Python Distribution and your "theano" environment

We start by installing Python. I recognize you have some options here, but for Machine Learning, Anaconda Python ought to be your top choice. It is an enterprise-ready Python distribution, with packages for Big Data processing, predictive analytics, and scientific computing. Download it from https://www.continuum.io/anaconda. Realize that it is a big distribution, close to a third of a Gig.
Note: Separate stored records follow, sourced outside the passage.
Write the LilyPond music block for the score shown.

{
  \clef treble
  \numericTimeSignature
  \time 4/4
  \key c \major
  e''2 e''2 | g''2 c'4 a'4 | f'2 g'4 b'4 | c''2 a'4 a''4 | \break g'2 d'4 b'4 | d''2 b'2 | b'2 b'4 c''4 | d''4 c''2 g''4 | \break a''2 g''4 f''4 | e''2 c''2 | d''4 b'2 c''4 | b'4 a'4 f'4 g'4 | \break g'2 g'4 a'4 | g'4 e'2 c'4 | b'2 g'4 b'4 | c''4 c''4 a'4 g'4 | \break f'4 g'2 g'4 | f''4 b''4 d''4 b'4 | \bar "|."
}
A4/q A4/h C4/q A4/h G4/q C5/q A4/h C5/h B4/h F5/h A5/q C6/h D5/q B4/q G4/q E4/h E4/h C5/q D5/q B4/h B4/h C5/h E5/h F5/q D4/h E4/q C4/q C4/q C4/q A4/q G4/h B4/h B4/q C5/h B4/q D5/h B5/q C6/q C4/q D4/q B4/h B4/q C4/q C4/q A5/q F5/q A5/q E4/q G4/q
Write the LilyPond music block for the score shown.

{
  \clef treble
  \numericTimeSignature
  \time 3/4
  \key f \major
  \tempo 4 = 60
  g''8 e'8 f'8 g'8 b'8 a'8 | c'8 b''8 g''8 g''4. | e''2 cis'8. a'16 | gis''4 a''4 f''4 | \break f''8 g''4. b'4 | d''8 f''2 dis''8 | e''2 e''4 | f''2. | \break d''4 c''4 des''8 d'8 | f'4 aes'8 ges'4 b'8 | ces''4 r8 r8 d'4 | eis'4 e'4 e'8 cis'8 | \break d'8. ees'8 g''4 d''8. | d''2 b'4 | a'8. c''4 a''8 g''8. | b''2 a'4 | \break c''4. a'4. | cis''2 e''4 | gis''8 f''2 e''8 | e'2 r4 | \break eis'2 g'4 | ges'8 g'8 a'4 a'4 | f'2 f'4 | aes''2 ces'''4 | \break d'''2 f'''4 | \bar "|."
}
There is an option to download a barebones version called miniconda, but if you don't have enough hard disk space on your computer, better invest in a new hard drive or a USB3 external, because Machine Learning entails Big Data.
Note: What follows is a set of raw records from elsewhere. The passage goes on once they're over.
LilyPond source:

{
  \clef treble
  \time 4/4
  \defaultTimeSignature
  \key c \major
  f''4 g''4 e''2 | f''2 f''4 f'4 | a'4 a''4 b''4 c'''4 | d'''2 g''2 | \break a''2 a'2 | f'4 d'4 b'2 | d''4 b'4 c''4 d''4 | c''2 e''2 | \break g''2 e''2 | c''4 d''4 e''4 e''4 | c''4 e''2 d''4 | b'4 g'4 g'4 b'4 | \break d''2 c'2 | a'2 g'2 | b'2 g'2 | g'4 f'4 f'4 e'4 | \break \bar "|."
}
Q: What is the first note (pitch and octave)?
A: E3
Test drive anaconda by running steps outlined in http://conda.pydata.org/docs/test-drive.html

You now have two options for installing python packages. Your first option should always be:

conda install <packagename>

When that fails, because anaconda does not recognize the package, use:

pip install <packagename>

We will see lots of mixes of conda and pip installs in these instructions, get ready for this.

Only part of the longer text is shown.